--- Records for this exercise Enclosed Below ---
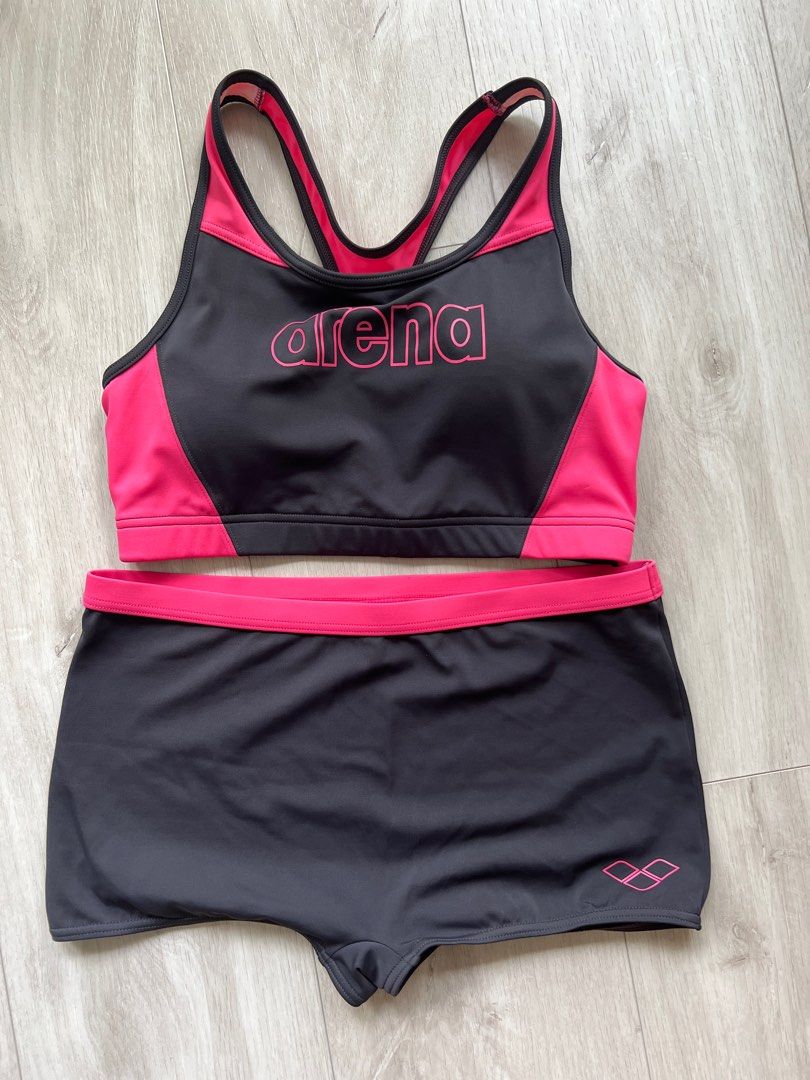 Arena Two Piece Swimwear Women s Fashion Swimwear Bikinis
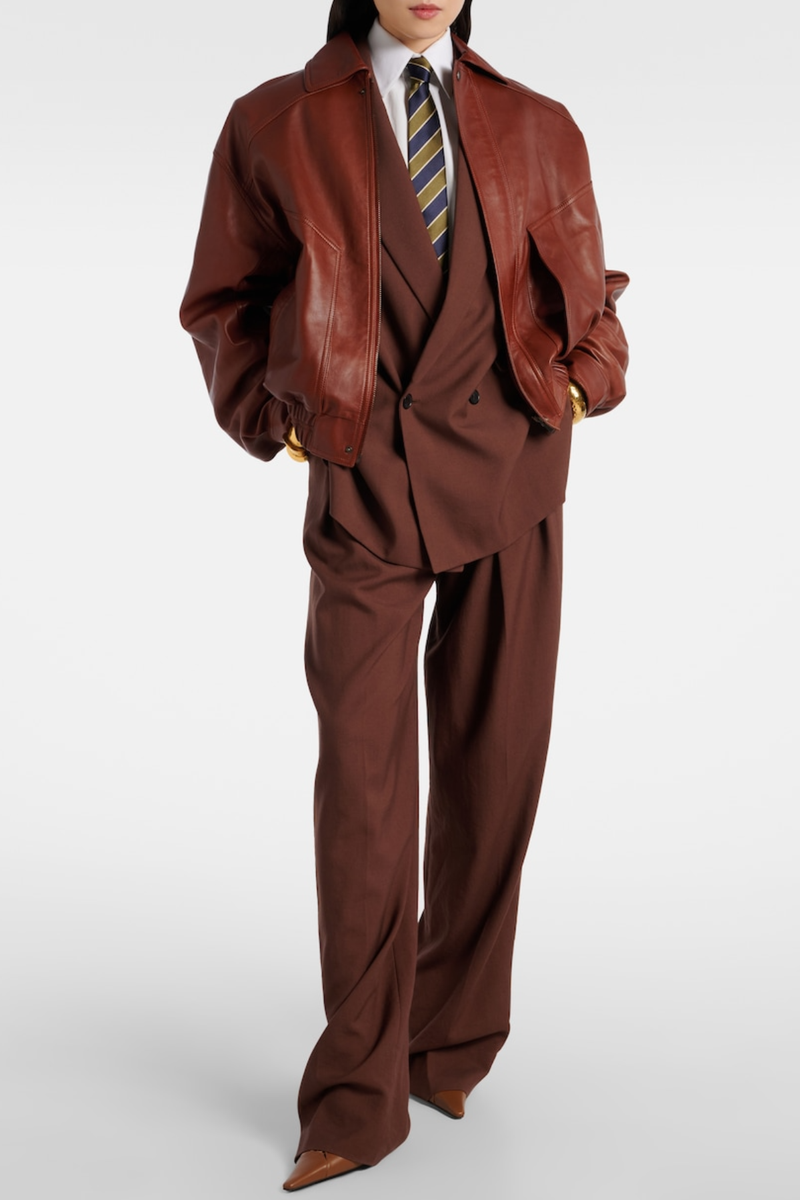Vintage Inspired Garment with a Contemporary Edge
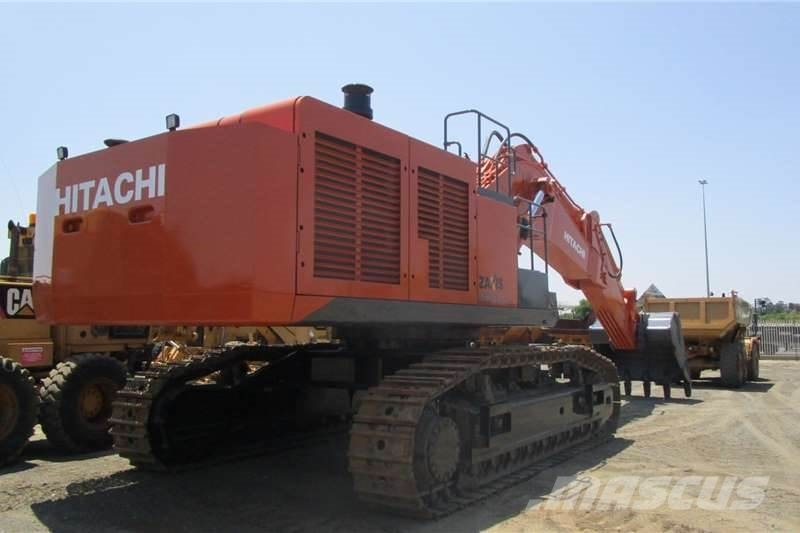 Hitachi ZX870LCR-5G حفارات صغيرة أقل من 7 طن (حفارات صغيرة)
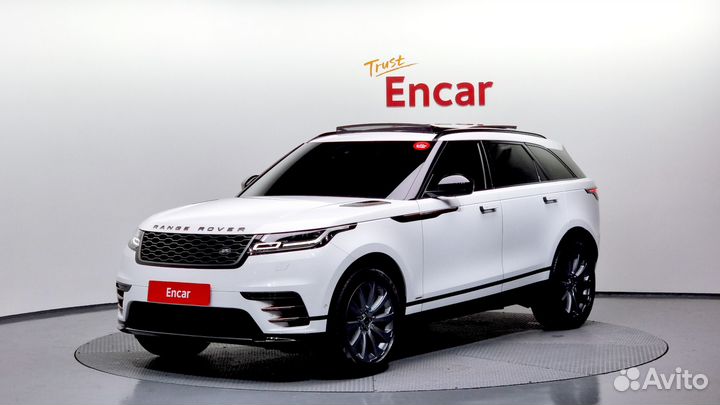 Land Rover Range Rover Velar 2.0 AT, 2020, 99 797 км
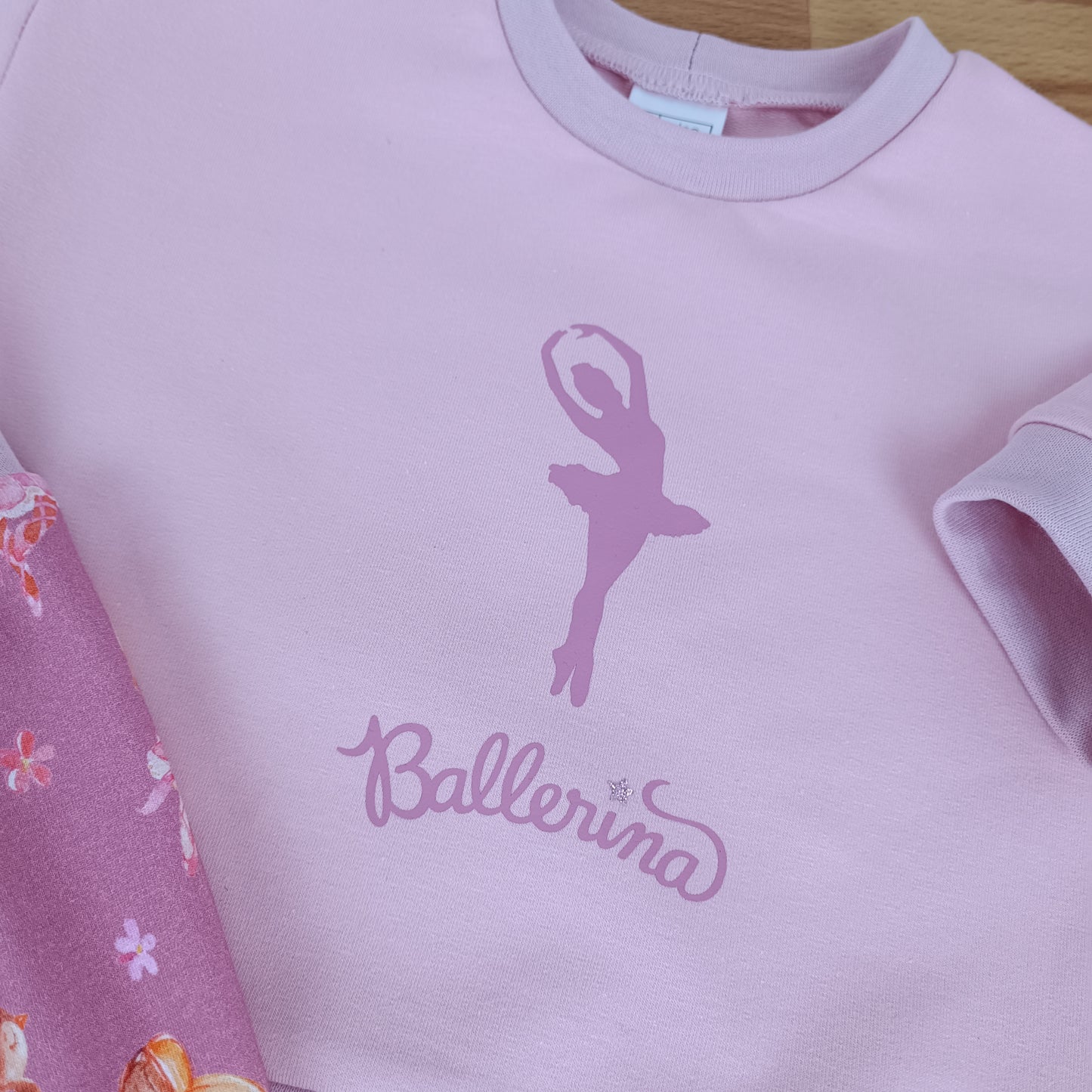 Ballerina Set Größe 62/68
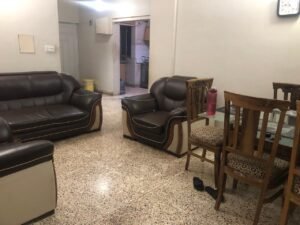 Apartment for rent in Clifton Block 2 spacious lounge Jason Terrace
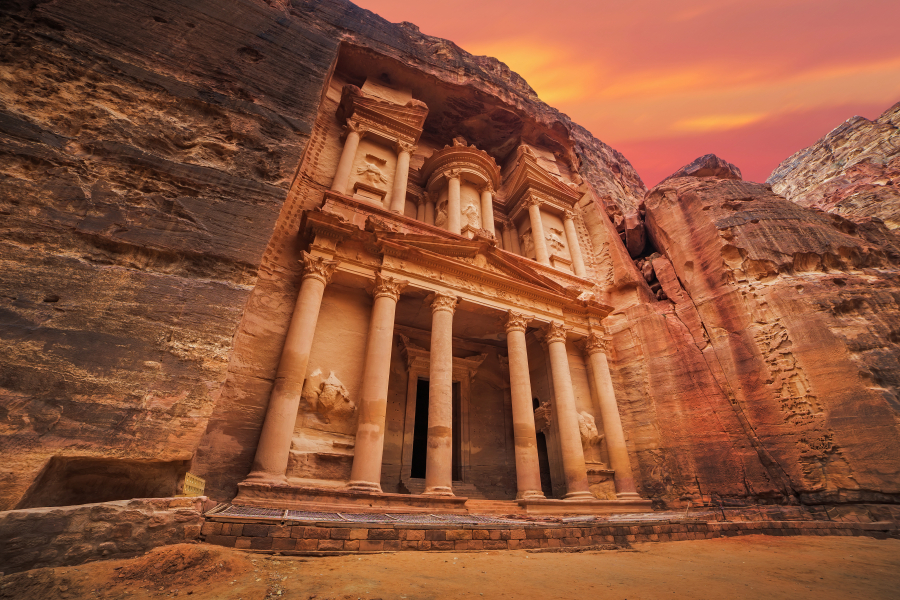 Jordanien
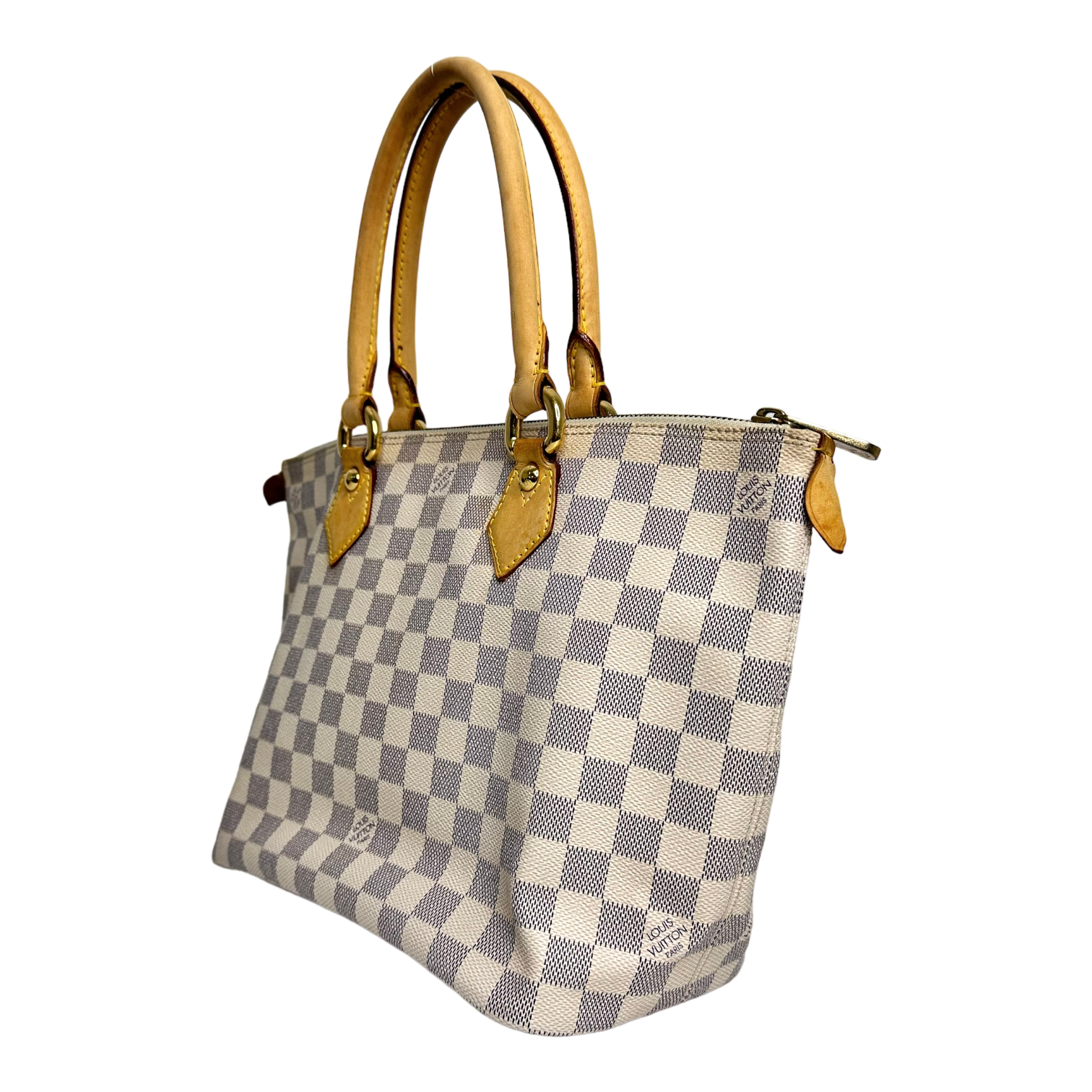 Damier Azur Saleya PM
--- End of Enclosed Records for this exercise ---
> Exercise brief:
Please set down the lines from the one with "Apartment for rent" to the end of the entries above, exactly as they are, and drop every picture.

> Task result:
 Apartment for rent in Clifton Block 2 spacious lounge Jason Terrace
 Jordanien
 Damier Azur Saleya PM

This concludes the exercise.